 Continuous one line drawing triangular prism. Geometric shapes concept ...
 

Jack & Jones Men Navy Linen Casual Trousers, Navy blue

□ □ □ □

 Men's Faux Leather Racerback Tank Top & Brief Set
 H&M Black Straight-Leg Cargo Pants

□ □ □ □

**Activity**
Leave out every line above except those from the line with "Men's Faux Leather" up to and including the line with "H&M Black Straight-Leg Cargo Pants", and copy those exactly.

**Solution to the problem**
 Men's Faux Leather Racerback Tank Top & Brief Set
 H&M Black Straight-Leg Cargo Pants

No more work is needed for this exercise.